The general command structure is:

./path/to/llmproxy <COMMAND> [OPTIONS]

You can get help for the main command or any subcommand:

./path/to/llmproxy --help
./path/to/llmproxy register --help

Commands

1. `register`

Registers a new model service with the orchestrator.

Options:

--model-name <MODEL_NAME>: The name of the model being served (e.g., "Qwen/Qwen2-7B-Instruct"). (Required)
--addr <ADDR>: The address (host:port) of the model service (e.g., "localhost:8001"). (Required)

Example:

./target/debug/llmproxy register --model-name "Qwen/Qwen2-7B-Instruct" --addr "127.0.0.1:8001"

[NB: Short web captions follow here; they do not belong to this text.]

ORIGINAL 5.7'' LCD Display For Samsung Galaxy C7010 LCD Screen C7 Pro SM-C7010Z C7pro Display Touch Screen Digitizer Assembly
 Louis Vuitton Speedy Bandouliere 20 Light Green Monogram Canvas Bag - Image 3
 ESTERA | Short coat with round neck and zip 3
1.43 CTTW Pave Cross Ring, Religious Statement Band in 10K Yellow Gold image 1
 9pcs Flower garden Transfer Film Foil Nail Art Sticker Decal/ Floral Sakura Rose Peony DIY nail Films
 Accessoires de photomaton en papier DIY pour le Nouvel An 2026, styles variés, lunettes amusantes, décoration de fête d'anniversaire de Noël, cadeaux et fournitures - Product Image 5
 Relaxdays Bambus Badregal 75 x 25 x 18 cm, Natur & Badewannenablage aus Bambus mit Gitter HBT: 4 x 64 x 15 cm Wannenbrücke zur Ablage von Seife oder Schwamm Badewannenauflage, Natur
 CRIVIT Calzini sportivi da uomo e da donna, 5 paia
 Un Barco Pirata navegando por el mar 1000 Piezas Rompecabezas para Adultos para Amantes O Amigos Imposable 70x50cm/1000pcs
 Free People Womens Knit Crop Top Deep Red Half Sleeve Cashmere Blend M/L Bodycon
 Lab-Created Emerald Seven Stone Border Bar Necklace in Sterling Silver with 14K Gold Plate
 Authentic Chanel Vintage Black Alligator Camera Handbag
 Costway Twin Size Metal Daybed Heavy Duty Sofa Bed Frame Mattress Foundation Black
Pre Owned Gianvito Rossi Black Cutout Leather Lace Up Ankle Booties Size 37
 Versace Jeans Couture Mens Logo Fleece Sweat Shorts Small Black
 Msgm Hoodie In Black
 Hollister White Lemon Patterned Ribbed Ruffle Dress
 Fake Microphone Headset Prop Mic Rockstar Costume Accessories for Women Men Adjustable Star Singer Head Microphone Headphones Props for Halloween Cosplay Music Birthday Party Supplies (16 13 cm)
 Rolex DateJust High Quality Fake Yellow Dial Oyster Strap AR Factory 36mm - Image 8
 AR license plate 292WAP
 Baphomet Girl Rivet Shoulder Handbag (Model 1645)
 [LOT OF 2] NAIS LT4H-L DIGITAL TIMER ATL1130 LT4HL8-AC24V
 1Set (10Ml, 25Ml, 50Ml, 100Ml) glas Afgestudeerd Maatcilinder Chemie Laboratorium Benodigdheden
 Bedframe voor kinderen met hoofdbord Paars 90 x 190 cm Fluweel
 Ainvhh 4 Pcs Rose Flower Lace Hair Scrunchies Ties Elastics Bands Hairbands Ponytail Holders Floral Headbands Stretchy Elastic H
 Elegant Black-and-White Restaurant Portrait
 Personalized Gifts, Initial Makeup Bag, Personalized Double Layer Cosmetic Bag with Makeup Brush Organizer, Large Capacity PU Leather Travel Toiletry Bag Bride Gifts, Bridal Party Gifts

Expected Output (Success):

✔ Registered meta-llama/Llama-2-7b-chat-hf at 127.0.0.1:8001

2. `unregister`

Unregisters an existing model service from the orchestrator using its index number or address.

Arguments:

<TARGET>: Service index (e.g., 1, 2, 3) or address (e.g., localhost:8001). (Required)

Examples:

# Unregister by index number (most convenient)
./target/debug/llmproxy unregister 1

# Unregister by address (backward compatible)
./target/debug/llmproxy unregister "127.0.0.1:8001"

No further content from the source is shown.